■ INSTRUCTIONS TO FOLLOW
From the first line to the last, restate the data exactly, leaving out the images.

Content starts

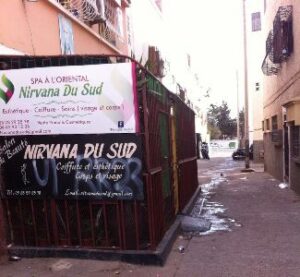 بالصور:شركة تسطو على أكثر من نصف مساحة زنقة بأكادير ومواطنون يطالبون الجهات الوصية بالتدخل والإنصاف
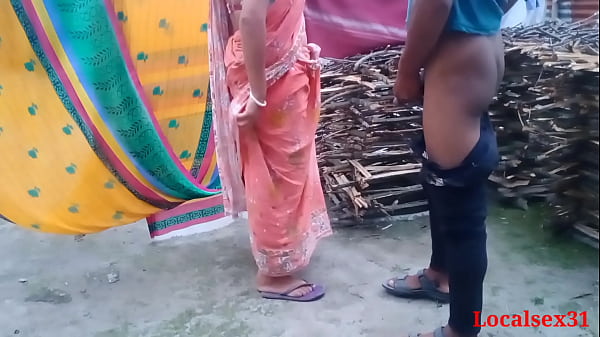 Download Video - Desi indian Bhabi Sex In outdoor &lpar;Official video By Localsex31&rpar;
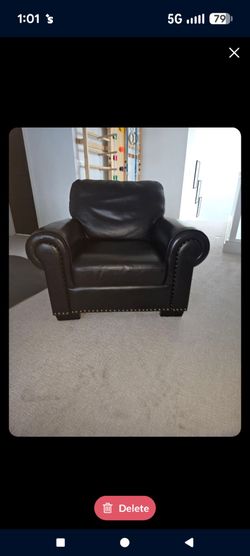 Oversize Leather Chair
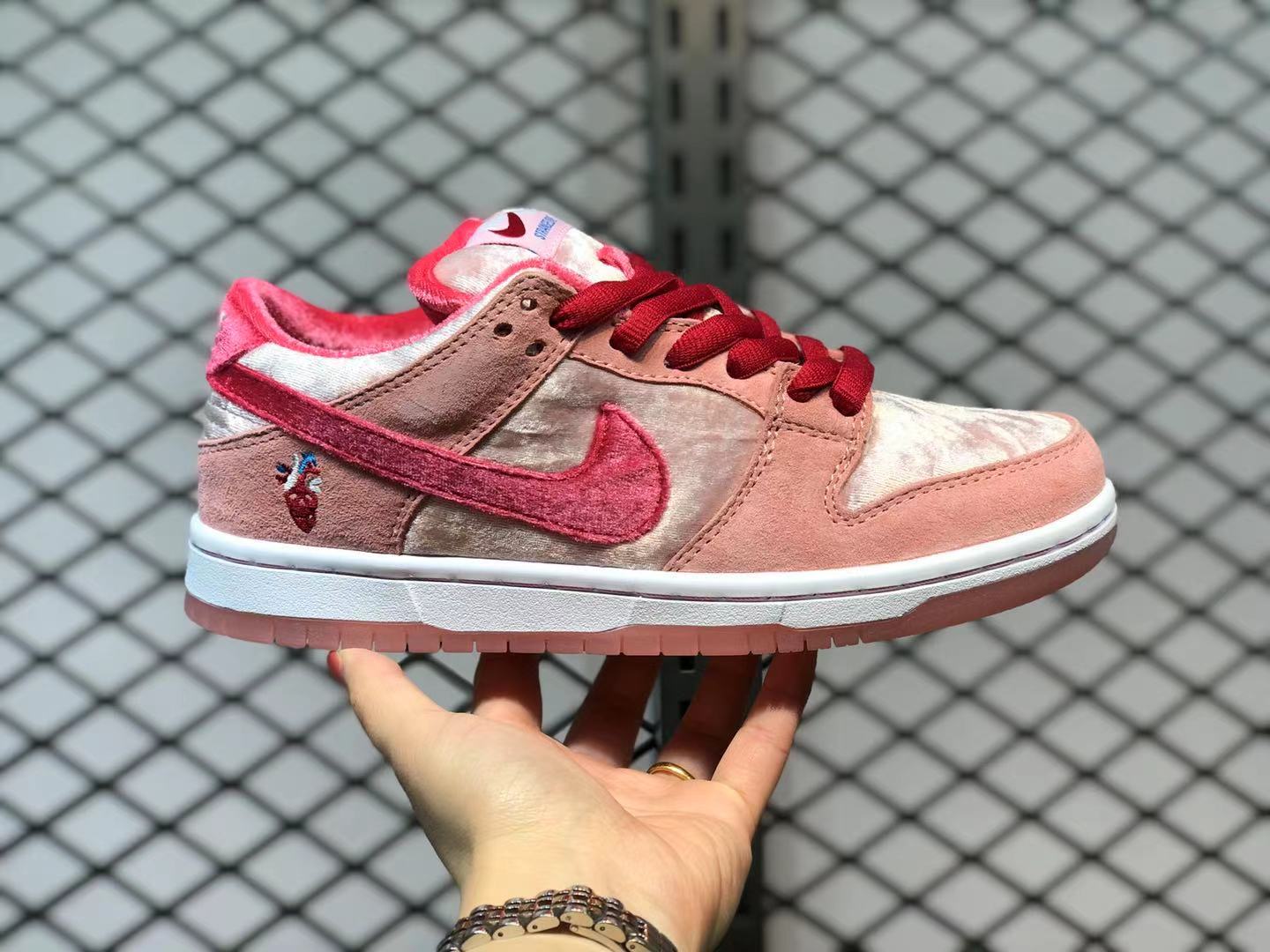 Giày Nike StrangeLove x Dunk Low SB 'Valentine's Day' CT2552-800 - Ảnh 8
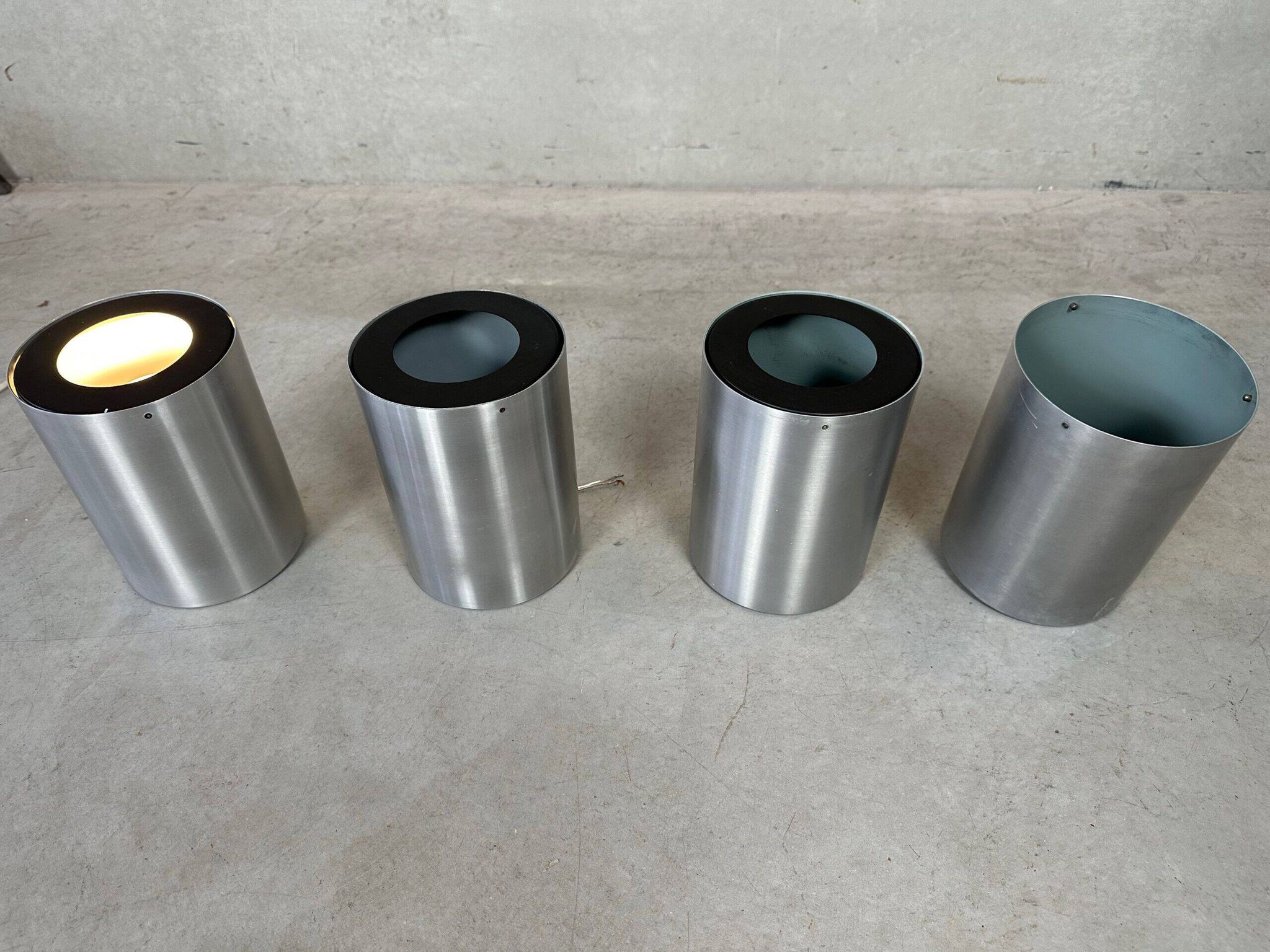 4x lampes de plafond en métal cylindriques vintage RAAK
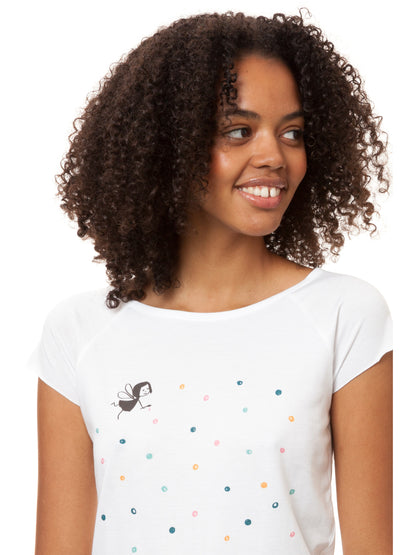 FellHerz Damen T-shirt Konfettimädchen weiß mit Raglan-Ärmeln bio fair und vegan hergestellt. Weißes T-Shirt mit bunten Konfetti-Tupfen und einem kleinen geflügelten Mädchen auf der Vorderseite.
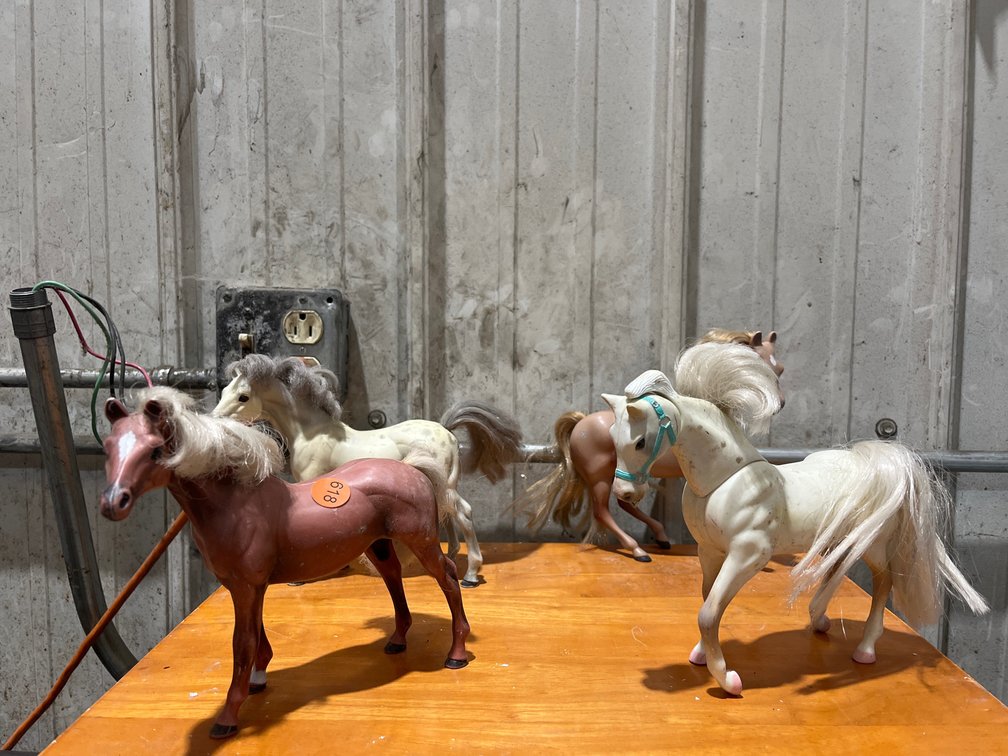 TOY HORSES (4)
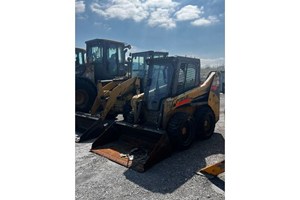 2017 Gehl R150  Skidsteer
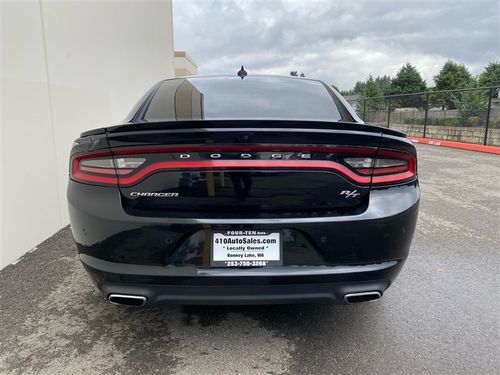 2017 Dodge Charger R/T Lower Image 2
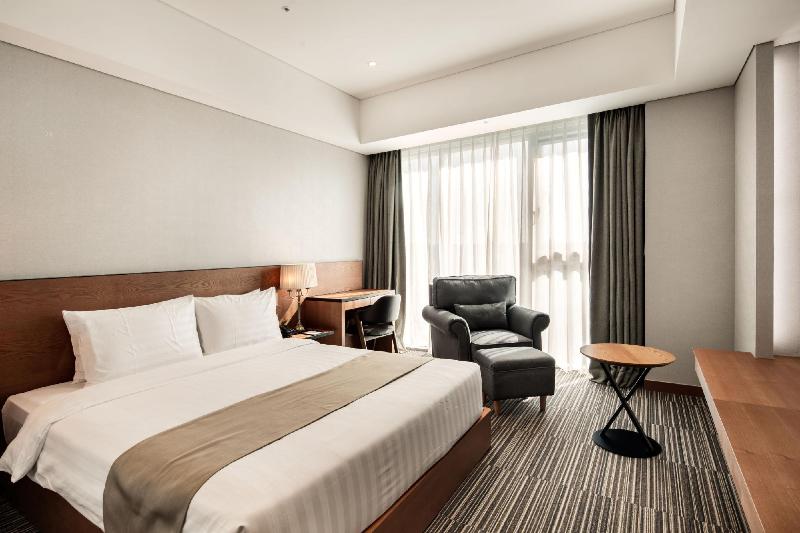 Hotel Golden Tulip Incheon Airport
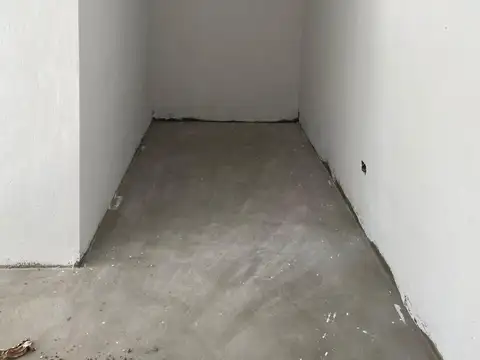 Local en Venta Via Púb.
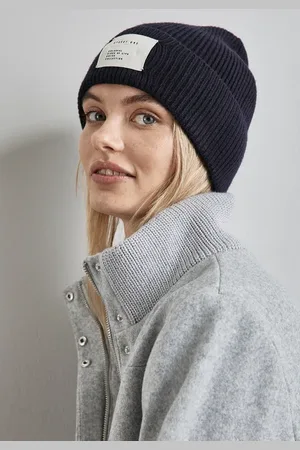 Street one Beanie mit Badge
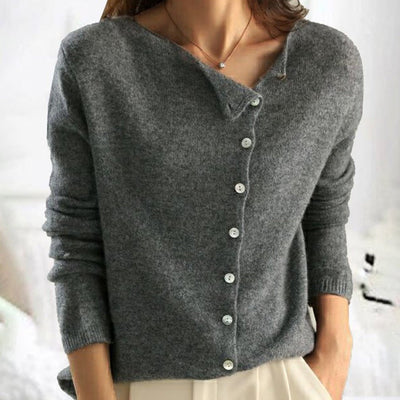 Iya | Chic Button Knit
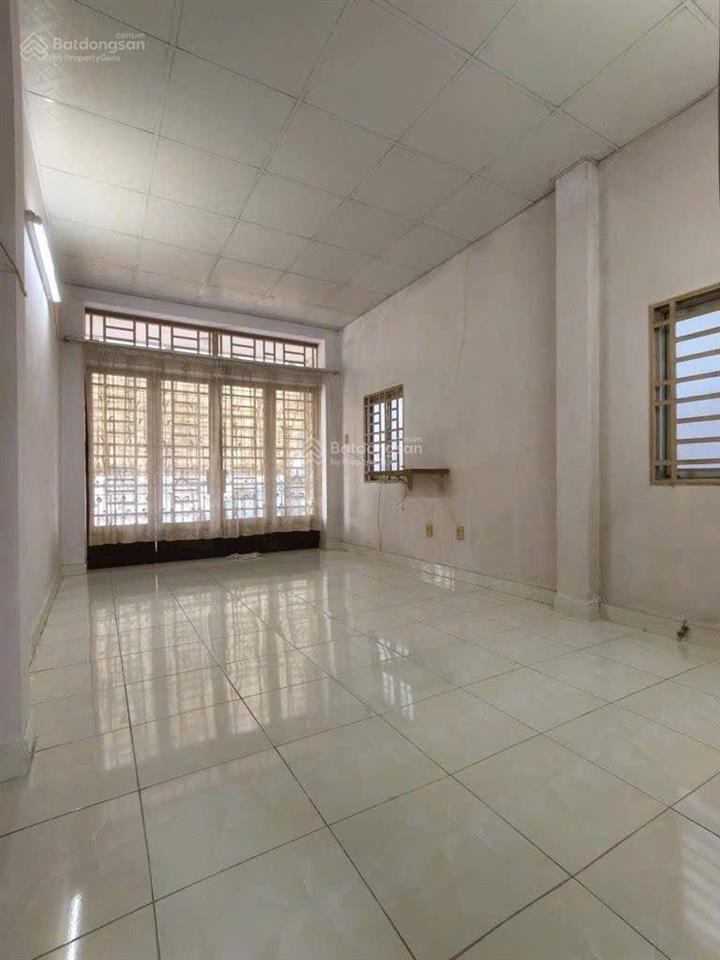 63m2 ngang 4.5x14m p. 14 bình thạnh, giáp quận 1 sát mặt tiền nhỉnh 100tr/m2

Content ends

■ RESPONSE
 بالصور:شركة تسطو على أكثر من نصف مساحة زنقة بأكادير ومواطنون يطالبون الجهات الوصية بالتدخل والإنصاف
 Download Video - Desi indian Bhabi Sex In outdoor &lpar;Official video By Localsex31&rpar;
 Oversize Leather Chair
 Giày Nike StrangeLove x Dunk Low SB 'Valentine's Day' CT2552-800 - Ảnh 8
 4x lampes de plafond en métal cylindriques vintage RAAK
 FellHerz Damen T-shirt Konfettimädchen weiß mit Raglan-Ärmeln bio fair und vegan hergestellt. Weißes T-Shirt mit bunten Konfetti-Tupfen und einem kleinen geflügelten Mädchen auf der Vorderseite.
 TOY HORSES (4)
 2017 Gehl R150  Skidsteer
 2017 Dodge Charger R/T Lower Image 2
 Hotel Golden Tulip Incheon Airport
 Local en Venta Via Púb.
 Street one Beanie mit Badge
 Iya | Chic Button Knit
 63m2 ngang 4.5x14m p. 14 bình thạnh, giáp quận 1 sát mặt tiền nhỉnh 100tr/m2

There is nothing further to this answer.